南予は雪の予報が出されていた。案の定、長いトンネルを抜けると、あっという間に銀世界に覆われる。平松師範に同乗させていたが車は走行不能になり、審査会場の宇和島本部道場に行くのを遮られました。幸い、平松師範が機転を利かし、通りかかった見知らぬ方に、私たちが昇段審査に間に合うようにと頼み込まれました。
何とか間に合い、審査が始ました。基本、移動、組手と進んだところ、先輩の廻蹴りが顔面をかすり冷や汗が、どっと噴出しました。拭うと、出血しているではないか。「ああ、これで止めよう」と情けなく思った瞬間でした。
間をおかず、先輩が私を連れ出し組手を再開しました。「私を止めさせない」と思って続行したのでしょう。それからの先は、何をしたのか記憶にありません。ただ、「早く病院行かねば、日曜日だが開いているだろうか」と焦るばかりでした………… 只々、長い一日でありました。
四半世紀前の初段の審査を受けた出来事です。
この度は、平松師範夫婦の推挙により、総師、最高範士をはじめ岡鼻、金澤師範のご高配を頂き参段の段位を頂きました。感謝申し上げます。
精神的にも、肉体的にも強くなりたいと思い、白い道着姿に憧れていました。そして、念願の道着を身に着けてから55年の歳月が経ちました。その間、中断しながらも空手を愛好してきました。
さしたる体力、技術があるわけでもないのに何故続いたのだろうか? それは、空手が好きだからに尽きます。しかし、一人で続けることは不可能です。それが出来たのは各道場の先輩や同胞の励ましが支えとなったからでしょう。いわば、アットホームな集団だからと思います。そのことは、仕事の関係で各地の道場を経験するなかで感じました。

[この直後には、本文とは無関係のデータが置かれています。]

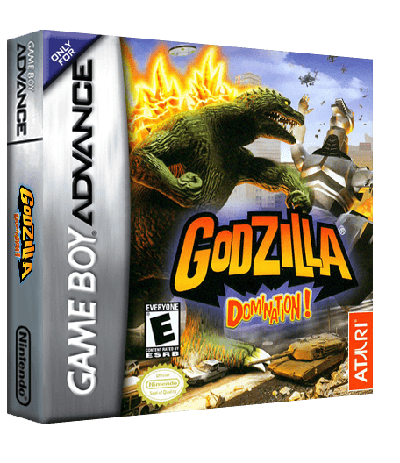 Godzilla - Domination!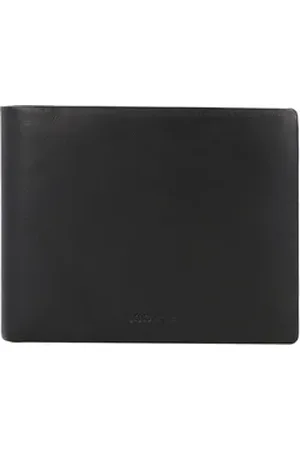 Bogner Geldbörse Aspen, Leder schwarz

今後は、もう一度、基本に戻り精進したいと思っています。「応用編」までに到達することは出来ません。ただ、「何か」が学べば満足です。
終わりに、いつもユーモラスでアットな平松夫婦師範の指導の下、共に汗を流してくれた村瀬、大内、久枝及び石田壮年部の各氏にお礼申し上げます。そして今後も宜しくお願い致します。